When his 75-year-old father, Hal, suddenly announces “I’m gay,” it’s no coming out party for son Oliver who has identity-commitment issues of his own.

The story of Hal (Christopher Plummer) and Oliver (Ewan McGregor) is intertwined in director Mike Mills’ exceptional auto-bio film, Beginners. Ironically, the movie begins with Hal’s death and Oliver being left to cope with demons of his own.

Mills constructs his first person narrative via Oliver weaving in and out of past and present: growing up as witness to his parents’ rather cold, detached marriage of convenience and, secondly, later coping with his father’s new beginning as he takes a lover, Andy (Goran Visnjic).

Hal comes out to Oliver and the world six months after his mother’s death, and though his rebirth also ends rather suddenly with cancer, his short happy life was better late than never. But not necessarily for his son, as the story begins with Oliver dealing with his father’s remains: his chemo meds, ashes and a driveway full of garbage bags waiting for a dumpster.

Oliver has his own baggage, including memories of his mother’s lonely, unfulfilled life and his own inability to connect and maintain any kind of relationship as a son, friend or lover. Nature and nurture have left him ill-equipped.

The one bright spot in this rather dour, naturally-lit film with its subdued palette is his father’s dog, Arthur, a Jack Russell terrier whom Oliver inherits. It clings to him as closely as does Hal’s spirit, which Arthur seems to be. Mills cleverly has Oliver read Arthur’s “mind” – and the terrier then answers in subtitles. Just the sort of light touch Beginners needs.

At his friends’ bidding, Oliver attempts to break out of his blue funk by attending a costume party dressed as Dr. Freud. Inexplicably, the good doctor meets the love of his life to be, or not to be, Anna (Melanie Laurent), during an improvised therapy session. Anna correctly diagnoses Oliver as a physician in need of healing himself, but not without empathy. That she does so with scribblings while suffering from laryngitis was an unnecessary stretch.

Despite her own shadowy past, these two wounded souls connect at some needy, shaky level but commitment doesn’t come as easily for either. As if reflecting our own impatience and empathy, Arthur, after a series of fits and starts, asks, “Are we married yet?”

Oliver has a few issues left to resolve. Number one is coming to grips with his father outing himself and the part that he played, or lack thereof, in the lie his parents perpetuated for society’s sake. In a key scene late in the film after his father’s death, surrounded by his new male-dominated family, he confronts Andy, whom he has kept at a distance.

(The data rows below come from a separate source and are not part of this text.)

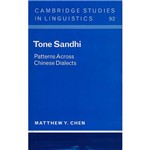 Livro - Tone Sandhi - Patterns Across Chinese Dialects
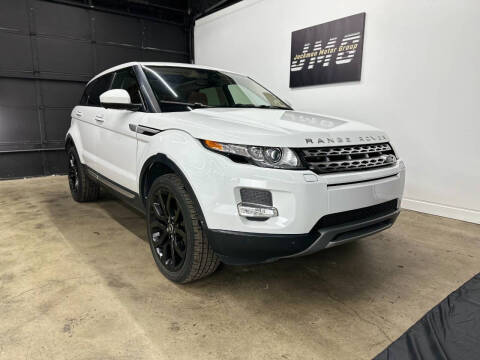 2015 Land Rover Range Rover Evoque Prestige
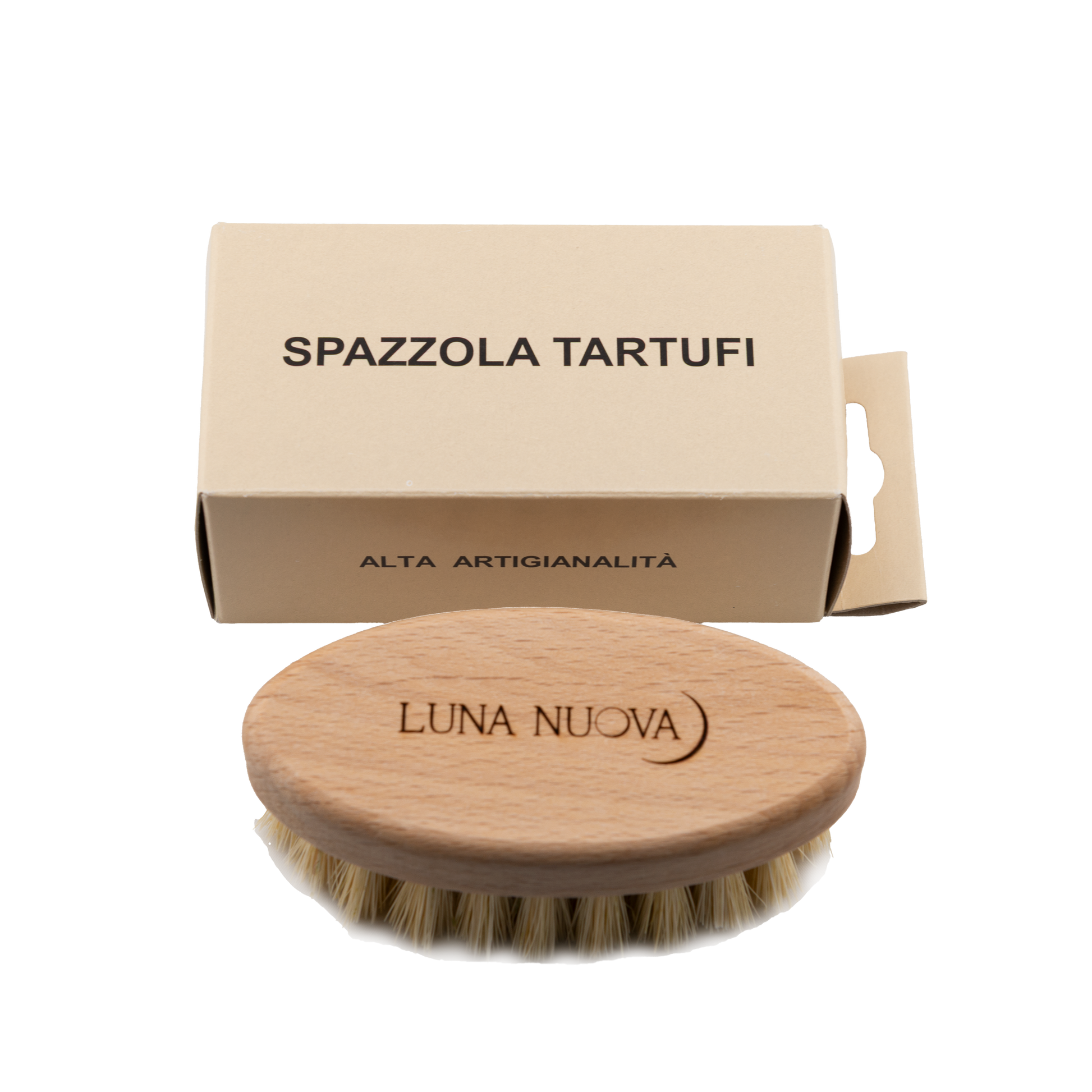 Spazzola Tartufi in Legno "Luna Nuova" – Luna Nuova Tartufi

Sensing Oliver’s conflict, Andy says, “It’s because I’m gay, isn’t it?” But relationships are more complicated than that. “It’s because my father loved you,” Oliver responds; and when they movingly hug, he is embracing more than the past.

Oliver and Anna have reached an impasse. Now that he has built a bridge or two, their future leap of faith has a better chance of survival. Mills measures his modern morality tale on the times they are a-changing with witty, revealing visual asides with Oliver’s commentary on past decades -virtual power points.

Over images of the 50s, 60s and so on, Oliver observes, “This is smoking … this is a picnic … this is a family … this is what love looks like.” Abject lessons in history and a chance to begin again.